## What you are asked to do
The part below that opens with the line containing "AvaMalis A|M Lighting" and closes with the line containing "Feestelijke warme chocolademelk" should be copied exactly, minus any pictures.

Given entries below:

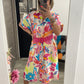 Robe longue à motifs fushia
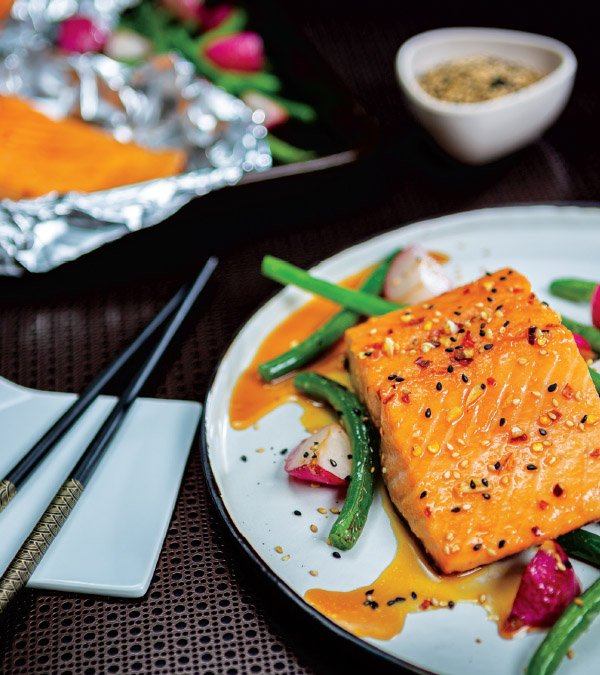 Asian Salmon in Foil Packets with Green Beans and Radishes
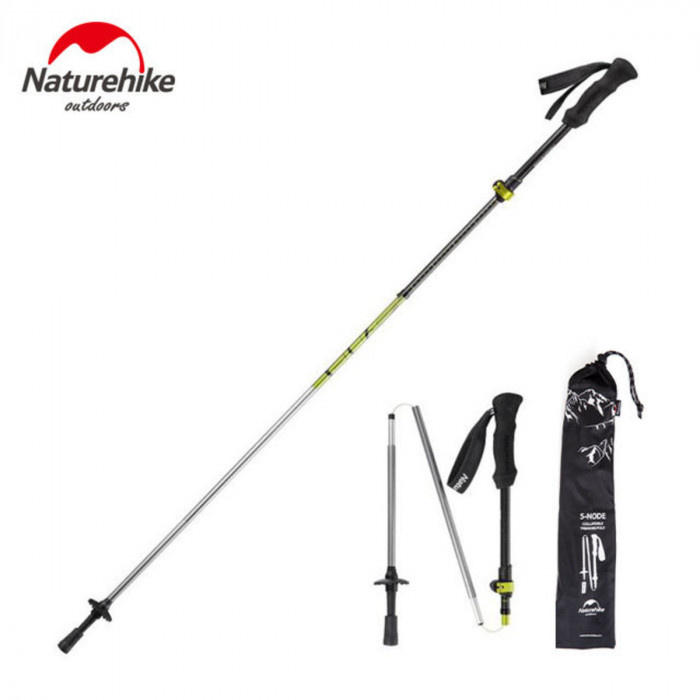 NatureHike ST05 碳纖五節式登山杖附杖尖保護套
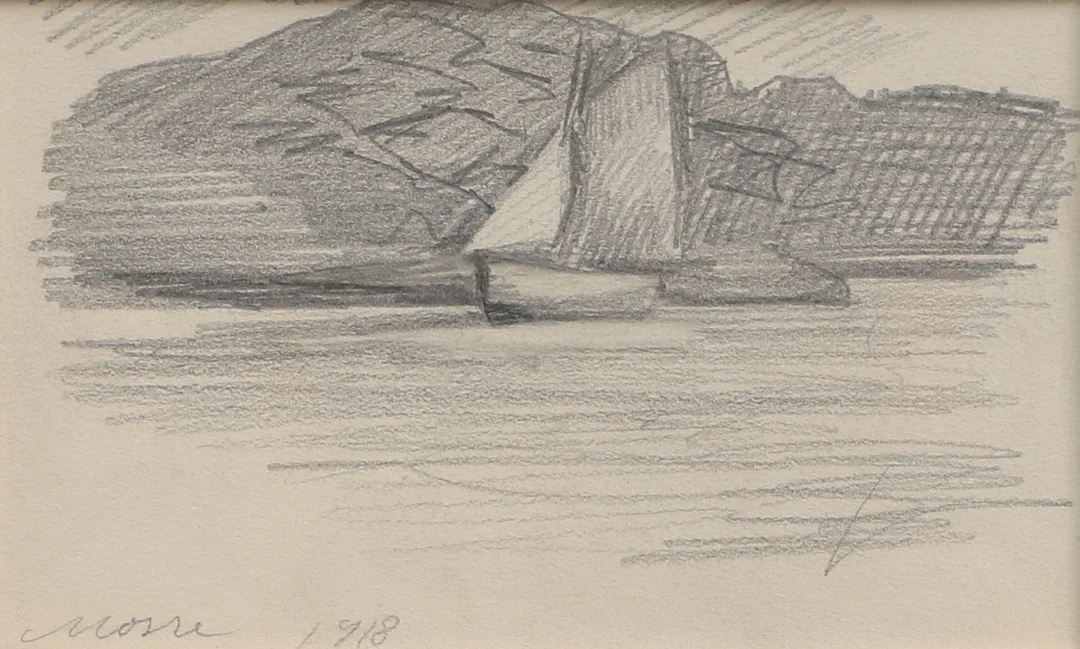 MOSSE STOOPENDAAL. Blyertsteckning, segelbåt, signerad Mosse och daterad 1918. — Drawings — Ekenbergs Auktioner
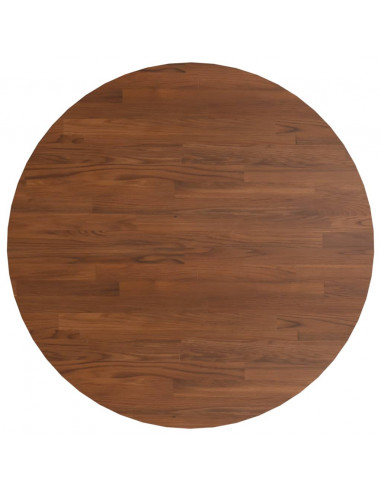Piano Tavolo Rotondo Marrone Scuro Ø90x1,5 cm Rovere Trattato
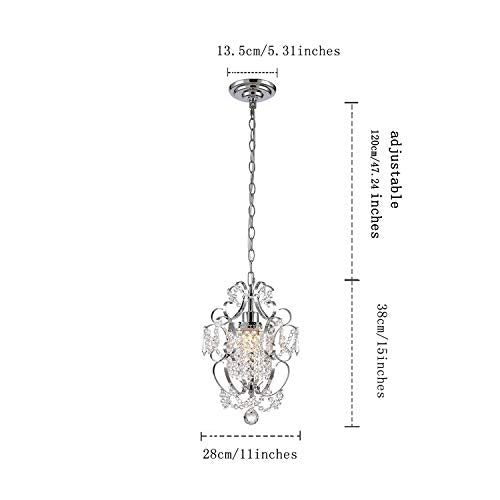AvaMalis A|M Lighting Mini Chandelier Chrome Crystal Chandeliers Lighting 1-Light Modern Elegant Crystal Iron Ceiling Light Fixture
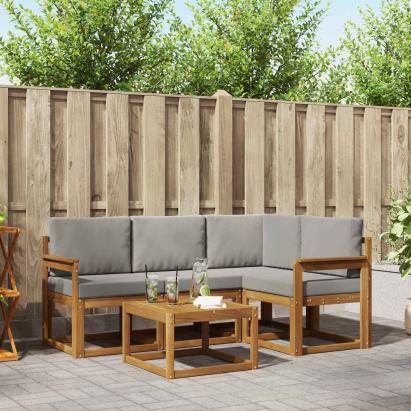 Set de canapele de exterior 5 pcs Gri natural și deschis GartenMobel Dekor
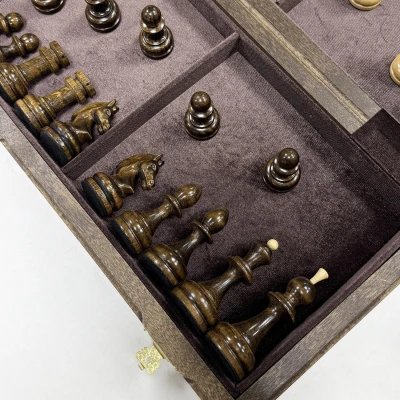 Шахматы деревянные орех Премиальные люкс средние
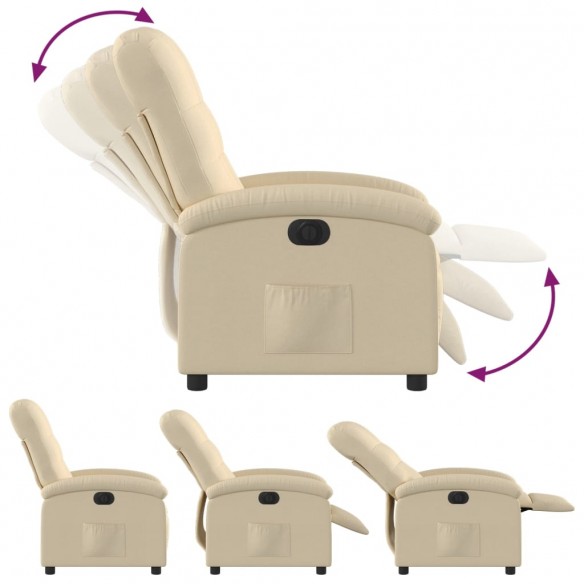 Fauteuil inclinable électrique Crème Tissu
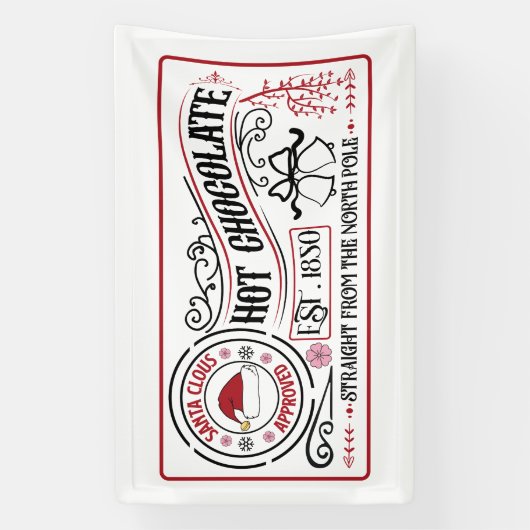 Feestelijke warme chocolademelk Kerstmis Spandoek (Verticaal)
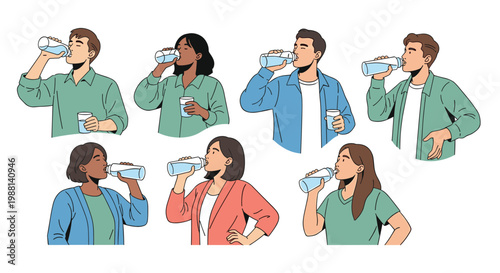 Set of diverse people drinking water from plastic bottles and glasses throughout the day to stay healthy and hydrated.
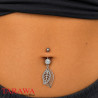 Piercing nombril feuille pendante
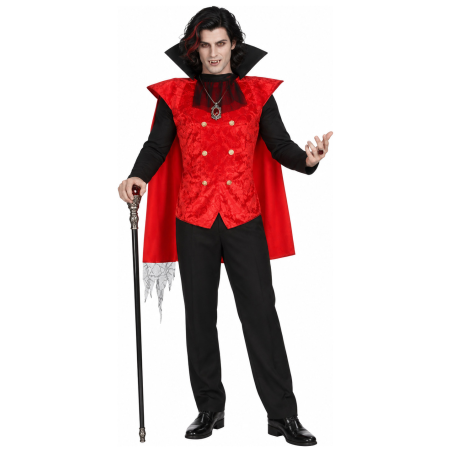 Disfraz de Vampiro Rojo para Hombre - Disfraces Halloween Vampiros - Disfraces de Vampiros y Goticos para Hombre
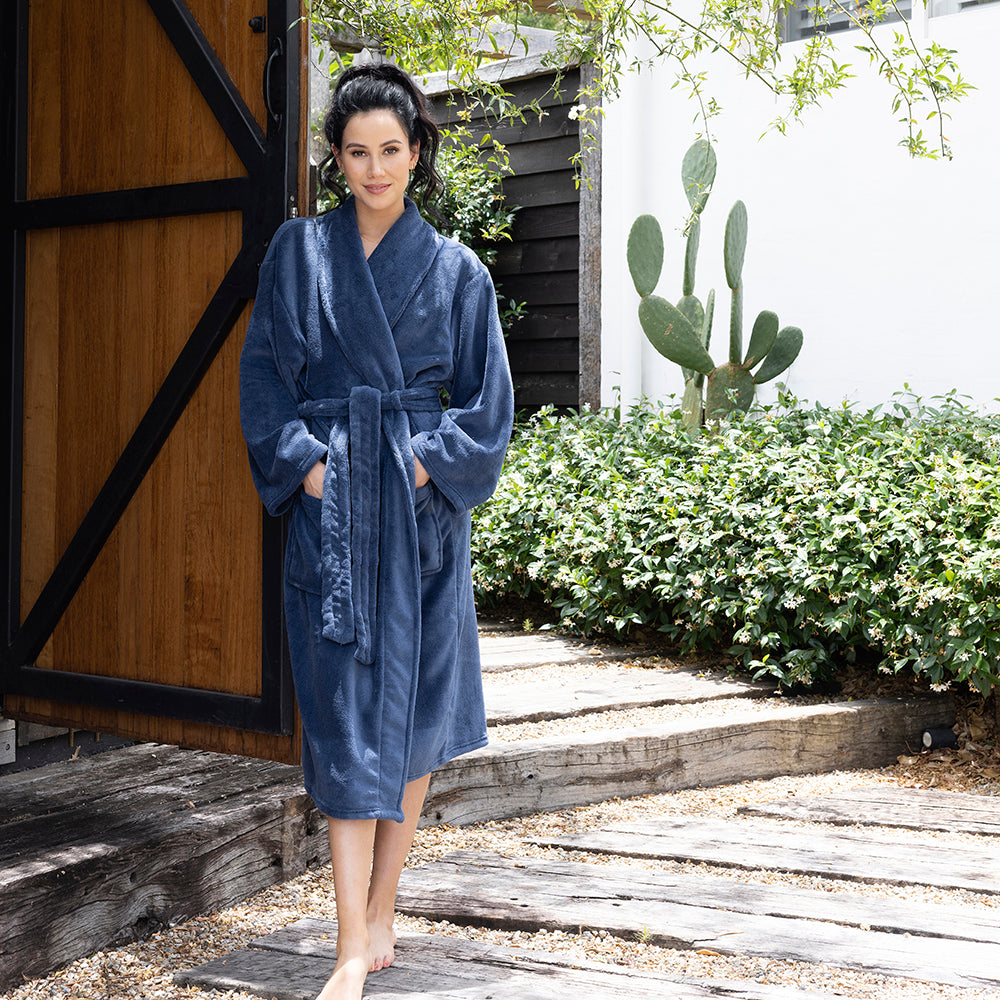 S/M Microplush Robe Denim- Bambury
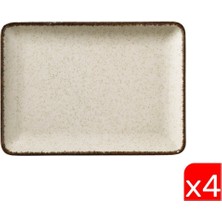 UltraMint Dikdörtgen Tarçın Renkli Porselen Tabak 4'lü Set 18X13CM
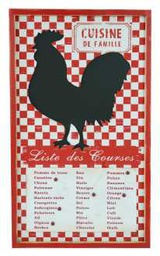 [V9135750000] Lavagna lista spesa dec.gallo ld-2598 cm. 35 x 60 x 2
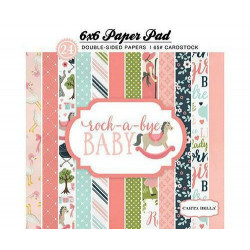 Sada Oboustranných Papírů 15x15cm Rock-a-bye Baby Girl (24ks), Echo Park Paper Co., Papíry Potiskem Scrapbooking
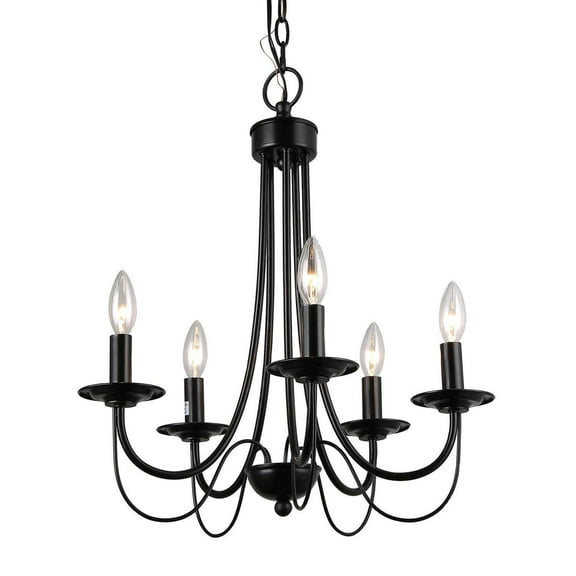 LNC 5-Light French Country Matte Black Chandelier for Kitchen or Dining Room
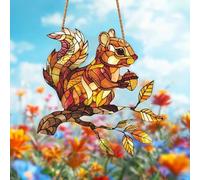 Crystal Sky Bluebird Stained Art Ornament,2D Acrylic Birds Sun Window Hanging,Stained Glass Decorations,for Windows Indoor Gardens Home Garden Modern Wall Hanging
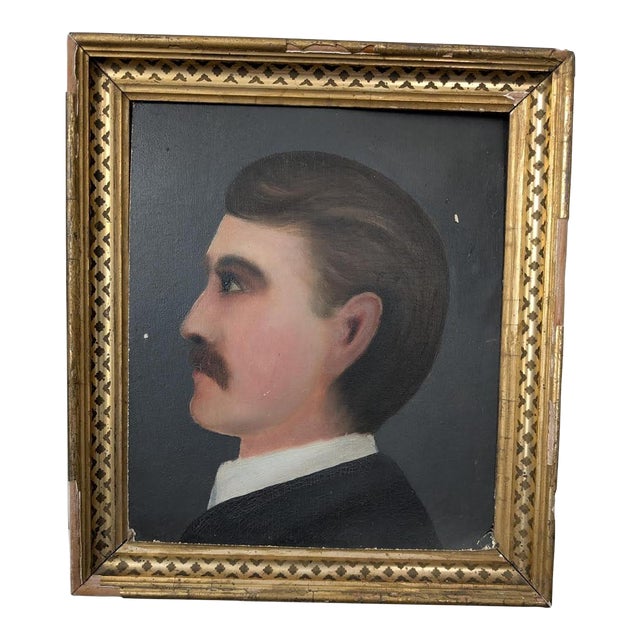 "Big Ear": 19th Century American Folk Painting of a Gentleman For Sale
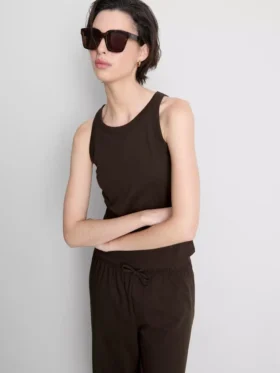 Camisola sem mangas com costas em Y em algodão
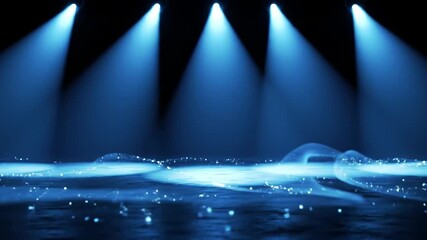 Blue spotlights on misty stage, cinematic lighting, ethereal fog, reflective floor, dramatic anticipation - Powered by Adobe
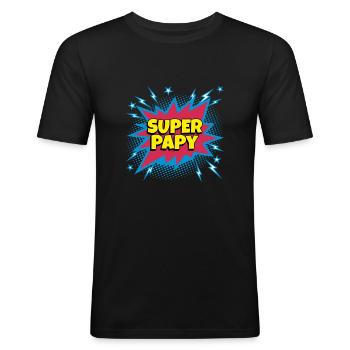 Super Papy super héro superpapy - T-shirt près du corps Homme - noir - Devant - Nik (191cm)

End of Given entries.

## Exercise solution
AvaMalis A|M Lighting Mini Chandelier Chrome Crystal Chandeliers Lighting 1-Light Modern Elegant Crystal Iron Ceiling Light Fixture
 Set de canapele de exterior 5 pcs Gri natural și deschis GartenMobel Dekor
 Шахматы деревянные орех Премиальные люкс средние
 Fauteuil inclinable électrique Crème Tissu
 Feestelijke warme chocolademelk Kerstmis Spandoek (Verticaal)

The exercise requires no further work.